Tuesday, April 22, 2014

India needs pragmatic leaders not ‘visionaries’

My article India needs pragmatic leaders not ‘visionaries’ appeared in Niti Central yesterday. 

Here is the link...

A Prime Ministerial ‘candidate’ and his family have, recently, been telling the media that the ongoing elections are a choice between 2 visions of India. The history of India’s foreign affairs shows something different. Since independence, India had two choices, the so-called visionaries and the pragmatic leaders like Sardar Patel, who cared for India’s interests on the ground.
I recently came across a bunch of old ‘personal’ letters written by some Indian officers posted on the frontiers in the early 1950s. These missives are telling. In December 1950, a few weeks after the PLA entered Tibet, Harishwar Dayal, a senior ICS officer and distinguished diplomat, then posted in Gangtok as Political Officer responsible for Tibet, Sikkim and Bhutan, while discussing the Chinese advance towards the McMahon Line with his Indian Trade Agent (ITA) in Gyantse, informed the latter of Sardar Patel’s death, “It is a heavy blow. He was the one person in this Government who had strong realistic view of things, including on foreign relations. Now, we are left at the mercy of the visionaries.”
This remark came back to my mind a few days back, when I read in The Republica, a Nepali newspaper: “China has turned down India’s proposal to establish its Consulate General Office in Lhasa of Tibet.” The proposal was presented by Sujatha Singh, the Indian Foreign Secretary during the 6th India-China strategic dialogue held in Beijing.
According to The Republica, after meeting her Chinese counterpart, Deputy Foreign Minister Liu Zhenmin, Singh told the reporters, “India will now plan a decisive talk with China in this regard.” It probably signifies that the outgoing Government is ready to drop the idea of reopening the Lhasa Consulate (Nepal, today, is the only country to have a Consulate General Office in Lhasa).
Why? Simply because the idea of having an Indian Consulate General irritates the Chinese!
Otherwise, the bilateral situation is rosy. Mister Liu affirmed that China is ready to work with India to advance the partnership to a new level, while Singh explained “all political parties in India share a common ground on advancing India-China strategic cooperative partnership.”
Xinhua added: “He [Sujatha Singh!!!] reiterated the Indian Government’s view of attaching high priority to its relations with China. He [sic] said that the Indian Government is working to consolidate the strategic cooperative partnership that is oriented to peace and prosperity.”
It appears that Delhi is now backing down on its earlier demand of re-opening the Lhasa Consulate and would be satisfied with another Consulate General in Chengdu (Sichuan) or Kunming (Yunnan province) instead of Lhasa. This remains to be confirmed.
While Beijing is extremely keen to open an office in Chennai, Delhi thought that it made sense to re-open the old mission in Tibet (today, India has two Consulate General Offices in Shanghai and Guangzou).

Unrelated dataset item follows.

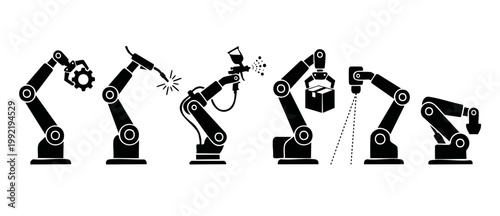 Industrial Robotic Arms Set Icons, Factory Automation Process, Welding Painting Assembly and Packaging Production Technology, Modern Manufacturing Systems and Engineering Machine Collection on White B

The history of the Consulate in Lhasa is truly the story of blind ‘visionaries’. India had a full-fledged Mission in Tibet till the end of 1952. Apart from the Mission in Lhasa, there were three Trade Agencies managed by ITAs in Gyantse and Yatung (in Chumbi Valley, near the Sikkim border) and a seasonal one in Gartok (Western Tibet). Till 1954, the ITAs in Gyantse and Yatung were entitled to a military escort. The Post and Telegraph Service, a chain of rest-houses and the principality of Minsar (near Mt Kailash) were also under the Indian Government’s control. Over the years, all this was ‘offered’ to the Chinese, without any compensation or even an attempt to obtain a fair settlement on the border issue.
Soon after Tibet’s invasion, the Indian Government found it increasingly difficult to retain these facilities on the ground. Visitors, traders and officials from India began to be unnecessarily and regularly harassed or put to hardship. The visionary Prime Minister was ideologically not comfortable with what he called ‘imperialist sequels’, though he knew that these ‘privileges’ were useful for trade, as was the McMahon Line which was a proper delineated agreed border between India and Tibet.
In summer of 1951, KM Panikkar, the Indian Ambassador to China, another great ‘visionary’, came to Delhi for consultations. By that time, he was already fully in love with the Communist regime in Beijing. Jawahar Lal Nehru, too, was convinced that the future of India lay with the East, “For the first time, China possesses a strong Central Government whose decrees run even to Sinkiang and Tibet. Our own relations with China are definitively friendly.”
A few months later, when questioned again on the Indian Mission in Lhasa, Nehru vaguely answered that it was dealing “with certain trade and cultural matters more or less [sic!]”. He also declared that he was not aware of “any infiltration of Chinese troops in India.”
Reports had already begun about Chinese incursions through the UP-Tibet border (today’s Uttarakhand) as well as through the Ladakh-Tibet border. The first Chinese surveys for the Sinkiang-Tibet highway cutting through the Aksai Chin occurred at that time. Though, Nehru was informed by LS Jangpangi, the ITA in Gartok, he chose to ignore it.
In June 1952, Nehru became more prudent; he explained the ‘changed circumstances’: Tibet was no longer an independent country, therefore, it was better to downgrade the diplomatic relations between Tibet and India. The Indian Representative in Lhasa was re-designated as a Consul-General.
During the same month, the smart and suave Zhou Enlai told the gullible Indian Ambassador in China that he “presumed that India had no intention of claiming special rights arising from the unequal treaties of the past and was prepared to negotiate a new and permanent relationship safeguarding legitimate interests.”
Not only did the Chinese offer nothing to India in exchange for her generosity, but Delhi accepted to open a Chinese Consulate in Bombay. Can you believe it!
A few months later, Panikkar who had been transferred to Egypt wrote: “the main issue of our representation at Lhasa was satisfactorily settled… there was no outstanding issue between us and the Chinese”.
Well, the ‘visionary’ had merely forgotten the unsettled issue of border. In April 1954, the ‘born-in-sin’ Panchsheel Agreement was signed. Though, the status of the Consulate General and the Trade Marts was confirmed, all the other privileges enjoyed by India were surrendered. Over the years, the situation became more and more untenable for the Indian officials. After Dalai Lama took refuge in India in 1959; the Chinese authorities constantly harassed the staff of the Consulate and Trade Marts. When the Panchsheel Agreement lapsed in April 1962, there was no point in renewing it. The Trade Marts were closed and China asked the officials to vacate the premises. As the building in Yatung belonged to the Government of India, the Chinese even asked India to take the building away.
Since then, there has been no Indian representation in Tibet. It is a great pity for the Himalayan areas which, for centuries, had close economic and cultural ties with Tibet.